In an embodiment, the method further comprises the steps of: lifting the weight of said pipe string off said tool; and maintaining said housing in said second axial position relative to said mandrel, thereby maintaining said operating assembly in said closed position.
In an embodiment, the method further comprises the steps of: rotating said housing in a second direction relative to said mandrel; lifting the weight of said pipe string off said tool; sliding said housing from said second axial position to said first axial position relative to said mandrel; and operating said operating assembly from said closed position to said open position.
Reference is now made to the accompanying drawings, in which:
Figure 1 is a schematic illustration of an offshore oil or gas drilling platform operating an embodiment of a downhole tester valve tool according to the present invention;
Figure 2, including Figures 2A-2C, is a half-sectional view of an embodiment of a downhole tester valve tool according to the present invention in an open position;
Figure 3, including figures 3A-3C, is a half-sectional view of an embodiment of a downhole tester valve tool according to the present invention in a closed position;
Figure 4 is a perspective view of an embodiment of a rotatable sleeve case according to the present invention;
Figure 5 is a perspective view of an embodiment of a section of power mandrel according to the present invention;
Figure 6 is a perspective view of another embodiment of a rotatable sleeve case according to the present invention; and
Figure 7 is a perspective view of an embodiment of a section of a power mandrel according to the present invention.
While the making and using of various embodiments of the present invention are discussed in detail below, it should be appreciated that the present invention provides many applicable inventive concepts which may be embodied in a wide variety of specific contexts.
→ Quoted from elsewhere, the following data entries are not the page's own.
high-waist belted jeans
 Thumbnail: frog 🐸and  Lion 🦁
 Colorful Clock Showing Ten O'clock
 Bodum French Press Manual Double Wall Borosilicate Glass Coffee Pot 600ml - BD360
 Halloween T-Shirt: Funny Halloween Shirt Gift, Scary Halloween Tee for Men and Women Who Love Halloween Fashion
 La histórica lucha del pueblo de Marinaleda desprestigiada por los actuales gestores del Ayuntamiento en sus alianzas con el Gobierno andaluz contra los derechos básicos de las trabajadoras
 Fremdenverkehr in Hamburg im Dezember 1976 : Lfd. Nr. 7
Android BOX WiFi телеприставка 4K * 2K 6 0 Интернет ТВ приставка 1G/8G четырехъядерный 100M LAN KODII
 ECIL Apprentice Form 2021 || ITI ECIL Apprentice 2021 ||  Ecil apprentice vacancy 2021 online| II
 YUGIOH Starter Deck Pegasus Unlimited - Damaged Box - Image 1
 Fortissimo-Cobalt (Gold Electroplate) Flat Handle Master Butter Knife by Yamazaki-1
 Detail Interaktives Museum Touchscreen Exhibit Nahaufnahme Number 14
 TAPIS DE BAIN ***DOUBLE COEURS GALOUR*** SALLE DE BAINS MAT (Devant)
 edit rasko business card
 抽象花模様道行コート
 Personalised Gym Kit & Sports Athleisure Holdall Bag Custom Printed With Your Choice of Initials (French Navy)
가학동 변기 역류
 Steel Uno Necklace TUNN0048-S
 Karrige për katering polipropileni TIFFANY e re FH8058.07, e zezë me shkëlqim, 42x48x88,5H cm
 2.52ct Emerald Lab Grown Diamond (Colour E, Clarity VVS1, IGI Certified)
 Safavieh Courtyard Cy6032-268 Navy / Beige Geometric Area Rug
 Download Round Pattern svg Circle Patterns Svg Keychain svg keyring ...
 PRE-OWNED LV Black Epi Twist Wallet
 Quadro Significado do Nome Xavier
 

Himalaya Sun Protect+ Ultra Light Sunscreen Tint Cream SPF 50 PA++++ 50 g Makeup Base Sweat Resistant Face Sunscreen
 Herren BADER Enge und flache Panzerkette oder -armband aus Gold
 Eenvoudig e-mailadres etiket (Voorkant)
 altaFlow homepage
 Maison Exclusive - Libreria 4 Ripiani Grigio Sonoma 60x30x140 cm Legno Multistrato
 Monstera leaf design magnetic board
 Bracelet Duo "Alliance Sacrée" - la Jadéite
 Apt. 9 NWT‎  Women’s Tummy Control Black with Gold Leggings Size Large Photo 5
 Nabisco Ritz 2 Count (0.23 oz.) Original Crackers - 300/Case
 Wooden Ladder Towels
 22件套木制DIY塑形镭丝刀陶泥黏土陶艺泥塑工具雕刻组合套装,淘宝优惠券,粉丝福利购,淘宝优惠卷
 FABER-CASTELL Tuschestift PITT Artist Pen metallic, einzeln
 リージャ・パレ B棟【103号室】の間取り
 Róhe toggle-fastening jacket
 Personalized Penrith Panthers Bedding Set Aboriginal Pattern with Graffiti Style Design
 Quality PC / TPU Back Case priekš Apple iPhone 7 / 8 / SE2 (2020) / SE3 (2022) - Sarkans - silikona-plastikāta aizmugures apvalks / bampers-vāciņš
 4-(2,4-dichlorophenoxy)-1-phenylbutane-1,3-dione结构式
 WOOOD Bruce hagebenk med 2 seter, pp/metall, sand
The specific embodiments discussed herein are merely illustrative of specific ways to make and use the invention, and do not delimit the scope of the invention.
Referring to Figure 1, a downhole tester valve tool in use on an offshore oil or gas drilling platform is schematically illustrated and generally designated 10. A semi-submersible drilling platform 12 is centered over a submerged oil or gas formation 14 located below sea floor 16. A subsea conduit 18 extends from deck 20 of platform 12 to a wellhead installation 22, including blow-out preventor 24. The platform 12 has a derrick 26 and a hoisting apparatus 28 for raising and lowering drill string 30 with end cap 32 and tools to test the oil or gas formation 14, including downhole tester valve tool 34 and seal assembly 36.
During a testing operations, drill string 30 is lowered into wellbore 40 after formation 14 has been intersected by wellbore 40 in a drilling operation. Tool 34 and seal assembly 36 may be located above end cap 32. Seal assembly 36 may be set to seal the interior of drill string 30 from wellbore 40. Once seal assembly 36 has sealed off the area between wellbore 40 and drill string 30, formation fluids may be produced into drill string 30 through tool 34.
It should be understood by one skilled in the art that tool 34 of the present invention is not limited to use with semi-submersible drilling platform 12 as shown in Figure 1. Tool 34 is equally well-suited for use with conventional offshore drilling rigs or during onshore drilling operations. It should also be understood by one skilled in the art that, even though Figure 1 depicts an uncased vertical well, tool 34 of the present invention is equally well-suited for cased vertical wells, and for cased or uncased deviated or horizontal wells.
Referring to Figures 2 and 3, tool 34 of the present invention is depicted in an open position and a closed position, respectively. Tool 34 includes a housing 42 which is adapted to be connected with drill string 30 and which has a substantially open bore 44 therethrough. Housing 42 includes a number of generally cylindrically shaped tubular elements threadably connected together. Housing 42 includes an upper adapter 46 having a lower internal threaded surface 48, threadably engaged with an external threaded surface 50 of an upper end of upper inner housing section 52. Housing 42 further includes outercase 54, the upper portion of which is concentrically received about a lower portion of upper inner housing section 52 which extends below upper adapter 46. Outer case 54 includes a plurality of radially inwardly directed splines 56 which mesh with a plurality of radially outward directed splines 58 of upper inner housing section 52 to prevent relative rotation therebetween. An uppermost end of case 54 above splines 56 has a cylindrical inner surface 60 which is closely received about a cylindrical outer surface 62 of upper adapter 46, with seals being provided therebetween by resilient o-ring seal 64. A seal is provided between upper inner housing section 52 and upper adapter 46 by resilient o-ring seal 66.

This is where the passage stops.